Como é que ele mede o sucesso desta vez? "Quando souber que os nossos colaboradores e os nossos clientes se orgulham de estar associados a nós, sei que, nesse caso, vamos ter sucesso".

 

A associação do UBS e do Credit Suisse causou polémica na Suíça e deixa o país exposto a um banco com activos duas vezes superiores ao seu PIB. Fabrice Coffrini/AFP/Getty Images

A pressão sobre Ermotti é imensa. Está entusiasmado com o desafio, mas reconhece que é "intenso". "Este é, sem dúvida, em toda a minha carreira, o momento mais exigente que já vivi, de longe", afirmou.

"Estamos a enfrentar uma enorme complexidade.

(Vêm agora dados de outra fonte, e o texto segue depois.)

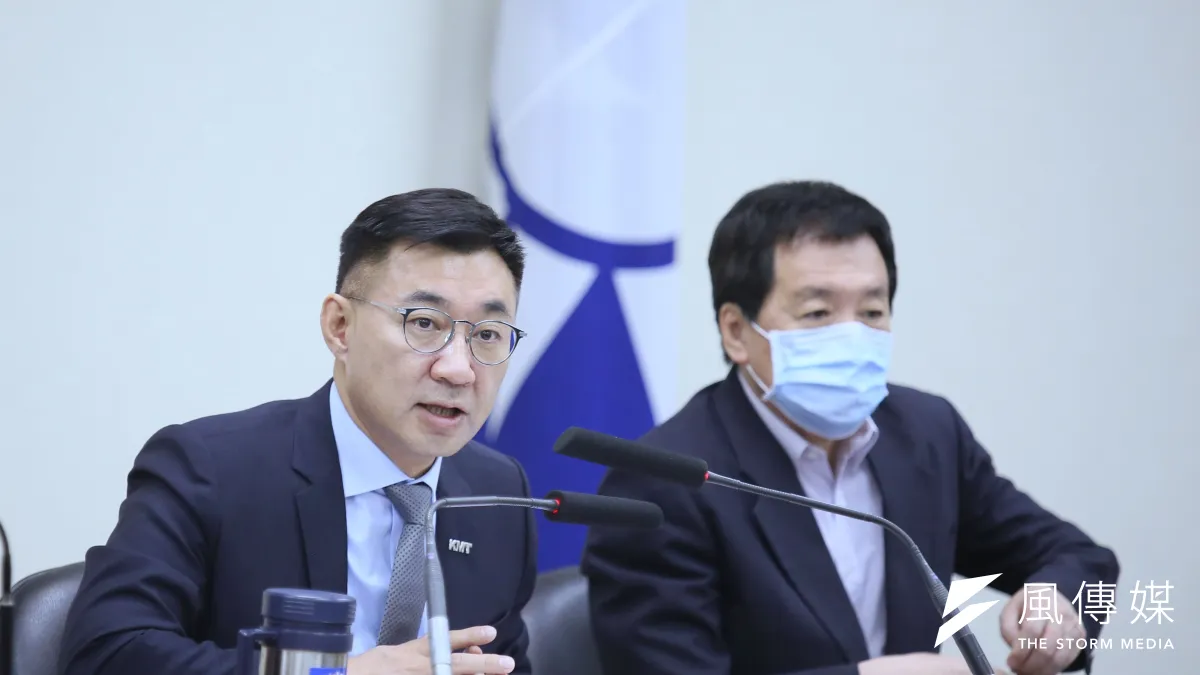 國民黨主席江啓臣(左)21日主持國民黨中常會,會中談及氣候議題。(柯承惠攝)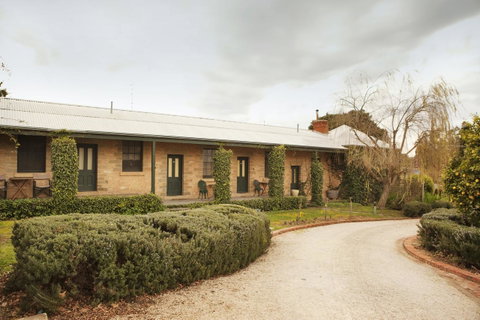 The Rising Sun Hotel - Accommodation Australia 6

A complexidade advém da integração, a complexidade advém do facto de termos de gerir o banco... servir os clientes".

E há a questão do que virá a seguir para o UBS, quando a tarefa de absorver o seu antigo rival estiver concluída, provavelmente no final de 2026. Sempre com um olho no horizonte, Ermotti já está a pensar no tipo de banco que quer que o UBS seja quando o seu trabalho principal estiver concluído. "Tem de ser um banco que não tenha acabado de concluir uma integração, (mas) um banco que já esteja a trabalhar no sentido do crescimento", afirmou.

"Podemos criar algo único. Esta geração pode fazer algo que ficará na história... não como um acontecimento, mas como uma base para o próximo capítulo do UBS."